In 2001, every unit at my campus, Washington State University Vancouver, was directed by our associate dean to prepare academic scorecards on the basis of which unit evaluations and comparisons, program funding allocations, and permission to conduct faculty searches would be based. I was asked to evaluate the suitability of the scorecard for representing the Education unit and to propose our targets and measures. I tried, not always successfully, I thought, to translate our efforts and outcomes into "an integrated set of financial and nonfinancial measures" which were presented by our retiring director to the campus for approval and use the following year. That Fall, the associate dean was asked to serve a one-year term as interim Education unit director, in which capacity he had the task of preparing the Education unit's academic scorecard. Although he himself had imposed the requirement, he could not fulfill it. He presented a largely narrative account beginning with a quotation I had offered, one often attributed to Einstein: "Not everything that counts can be counted, and not that can be counted counts." The effort to implement the academic scorecard was abandoned after that one year.

By contrast, the authors' confidence in the balanced scorecard includes a presumption of sufficient validity in educational measurement to encourage attaching high stakes: "tying rewards to these measures motivates greater efforts toward their attainment" (p. 164). This includes "tying teachers [sic] pay to measurements (e.g., student performance on government-mandated standardized tests)" (p. 183) – the same tests Sims and Sims decried earlier:

[M]any of the accountability systems established in the last five years to improve schools are having the opposite effect. The standards movement, once touted as the cure-all for failing schools, "has degenerated into the 'standardized testing movement,' [sic] in which teachers teach to the test, students become scores, and everyone feels less motivation to learn and achieve. (p. 6)

"Assuming that one is convinced that the balanced scorecard can be useful to a school or school system" (p. 167), as the authors clearly are, they recommend surveying school leaders (p. 167); defining mission, objectives, and strategies at a retreat (p. 178); and selecting "the performance measure(s) for each specific goal," perhaps by task forces (p. 179). They recommend that "successful implementation of the balanced scorecard" be viewed as an equation (p. 183):

Success = Measurement x Technique x Control x Focused Persistence x Consensus.
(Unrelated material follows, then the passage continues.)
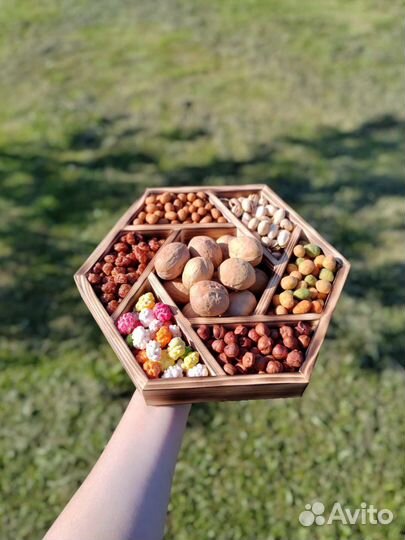 Ореховый набор
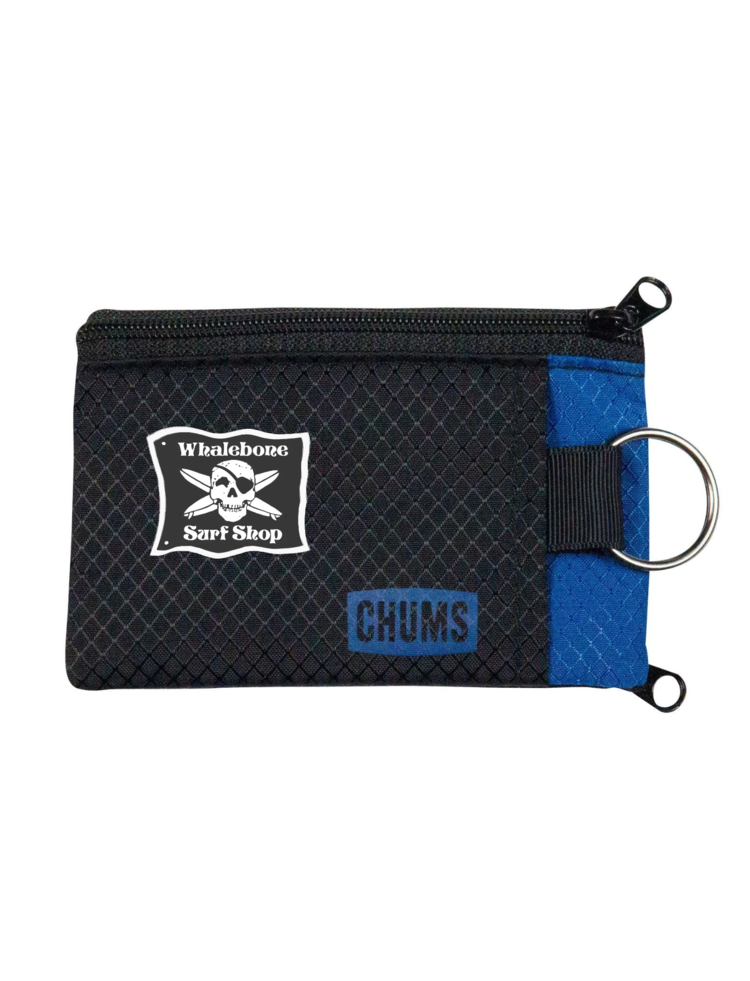 WHALEBONE LOGO LOGO SURFSHORTS WALLET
But what does this mean? How could such a calculation be performed? What number could possibly represent "technique" or "focused persistence, otherwise known as project management" (p. 184) – and is that really the meaning of focused persistence? Sims and Sims offer 11 exuberant pages of tables, without answering these questions or considering the investment of time and energy required by the activities they recommend. Nor do they revisit their earlier concerns regarding "the repetitive nature of annual standardized testing" and failures "to achieve public consensus regarding the test instrument" (p. 8) that would provide measurements required by the scorecard.

A fourth serious limitation is quality of scholarship. Because many references are unaccompanied by significant discussion of their contents, as with Kozol (p. 4) and high-profile business authors such as Peter Senge (1990) (pp. 45, 47), (Note 7) the citations seem little more than name-dropping. Sims and Sims generally decline to synthesize across the literature or to reveal the ways that source information informs or fits (or not) with their thinking.

Moreover, the age of many citations gives the book a faint (and perhaps not wholly deserved) aura of obsolescence in which the more recent references sometimes seem to function as updates for the authors' justifications of preexisting views. To be sure, some early references are classics. One which threads through chapters 2, 3, and 5 is Kurt Lewin's (1947) view of the change process. Sims and Sims take Lewin's force-field analysis (1951) as foundational, iterating its steps but offering little penetrating discussion or new perspective beyond their emphasis on stakeholder collaboration. Other sources enjoy less deliberation.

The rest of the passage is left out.